### Exercise requirements
Once the line containing "Обувки , снимка" is found in the entries below, restate it and each following line word for word, stopping after the line containing "Used 2015 Kia".
+--
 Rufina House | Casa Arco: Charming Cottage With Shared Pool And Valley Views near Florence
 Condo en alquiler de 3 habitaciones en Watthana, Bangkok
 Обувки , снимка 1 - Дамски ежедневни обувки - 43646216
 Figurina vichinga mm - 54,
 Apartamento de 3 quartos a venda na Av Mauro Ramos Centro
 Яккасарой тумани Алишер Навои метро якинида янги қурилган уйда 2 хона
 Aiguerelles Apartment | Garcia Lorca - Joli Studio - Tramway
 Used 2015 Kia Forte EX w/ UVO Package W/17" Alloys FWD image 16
+--
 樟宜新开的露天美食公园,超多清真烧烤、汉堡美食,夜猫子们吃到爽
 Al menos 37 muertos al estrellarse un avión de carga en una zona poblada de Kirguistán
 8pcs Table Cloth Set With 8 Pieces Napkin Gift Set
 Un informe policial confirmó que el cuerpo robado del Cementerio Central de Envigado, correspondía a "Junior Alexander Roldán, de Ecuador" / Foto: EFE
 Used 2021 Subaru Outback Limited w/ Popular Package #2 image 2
+--
### Result of the exercise
 Обувки , снимка 1 - Дамски ежедневни обувки - 43646216
 Figurina vichinga mm - 54,
 Apartamento de 3 quartos a venda na Av Mauro Ramos Centro
 Яккасарой тумани Алишер Навои метро якинида янги қурилган уйда 2 хона
 Aiguerelles Apartment | Garcia Lorca - Joli Studio - Tramway
 Used 2015 Kia Forte EX w/ UVO Package W/17" Alloys FWD image 16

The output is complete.